Presentation on theme: "PROTISTS The Kingdom Protista contains nearly all of the single-celled eukaryotes as well as multi-cellular algae."— Presentation transcript:
PROTISTS The Kingdom Protista contains nearly all of the single-celled eukaryotes as well as multi-cellular algae.
Protists Have Complex Cells Protists have a nucleus which contains chromosomes. Membrane-bound organelles, such as chloroplasts and mitochondria, are found in the cell’s cytoplasm. Chloroplasts occur in autotrophic protists. Most protists are either autotrophic or heterotrophic, though Euglena is both.
Many Protists Are Capable of Movement Cilia and Flagella are hair-like projections that produce movement and consist of similar internal microtubule structures. Euglena swim about powered by a flagellum, that lashes back and forth like a whip. Cilia video clip (.39) Flagellates video clip (.50)
Paramecium are covered with thousands of tiny hair-like projections called cilia, that beat back and forth like miniature boat oars to propel it forward or backward. Amoeba move and feed using finger- like, flowing extensions of the cell body called pseudopods or “false feet.”
Classification of Protists The members of the Kingdom Protista exhibit a greater variety of sizes and structures than do the members of any other kingdom. Because of the diversity in the Kingdom Protista, biologists disagree on how many phyla it should contain.
Algae Most species of algae live in fresh water or salt water, although they can also be found in moist soil, on damp rocks, and on the shady sides of trees. Algae produce about 1/3 of the oxygen in the atmosphere. They form the base of the aquatic food web (fishes, whales, and humans depend on algae for the food they eat and the air they breathe).
Heterotrophic Protists Most heterotrophic protists play the role of either carnivore or herbivore. In the plankton, some heterotrophic protists “graze” on phytoplankton, and others prey on these grazers. Other heterotrophic protists are parasites or decomposers.
Diseases Caused By Protists In central Africa, a protist transmitted by the bite of a large fly, the tsetse fly, causes the disease sleeping sickness. This disease is often fatal to humans and domestic animals such as cattle, sheep, and pigs. Livestock cannot be raised in much of central Africa because of the presence of sleeping sickness.
Protists and Disease Many protists do not affect the health of human beings. However, millions of people are infected by and die from various protist-caused diseases each year. Disease-causing protists are transmitted mainly by insects and contaminated water.
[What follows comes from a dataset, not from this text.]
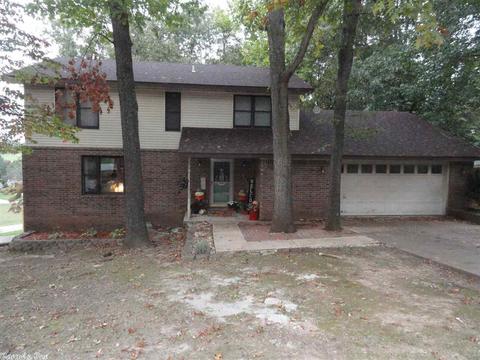2003 Surrey Ln, Harrison, AR 72601 photo 1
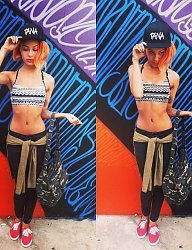 Moda Inne Moda uliczna - 1931401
Malaria Currently, 300 million to 500 million people are infected with malaria. This disease kills more than 2 million people each year, making it one of the most serious human diseases. Malaria is the leading cause of death among young children in tropical countries. Malaria is caused by protozoa of the genus Plasmodium, which is carried between human hosts and mosquitoes.
Symptoms of malaria are high fever, delirium, and sweating. Severe chills follow the fever and can last until the next outbreak. Malaria sometimes weakens its victims so much that they die from other infections. The drastic loss of blood cells (up to 40%) causes anemia and can result in fatal brain or kidney damage. Quinine was used in the 1600s to reduce the symptoms. Derivatives such as chloroquine and primaquine are used today to treat and prevent malaria. p. 367
Malaria Vaccine Dr. Manuel Patarroyo, a Colombian biochemist and physician, has developed an unorthodox, synthetic malaria vaccine called SPf66. This vaccine is made from malaria proteins chemically linked together. The antibodies that it includes recognize the real malaria parasites rather than just the vaccine’s synthetic proteins. Trials have shown that the vaccine offers some amount of prevention against malaria infections, including those carried by the drug-resistant parasites. At first, scientists were skeptical about the vaccine because it originated from research in a small country and its preparation was unusual. However, the World Health Organization is calling for further research.
Malaria Strikes Back Malaria has not been eliminated. The number of cases has been increasing since the mid-1970s. Human efforts have been thwarted by advances in the parasite and the mosquito. The parasite frequently changes configurations (mutation), making them invisible to the body’s immune system. Parasites have also developed resistance to some of the drugs. Mosquitoes have evolved resistance to insecticides.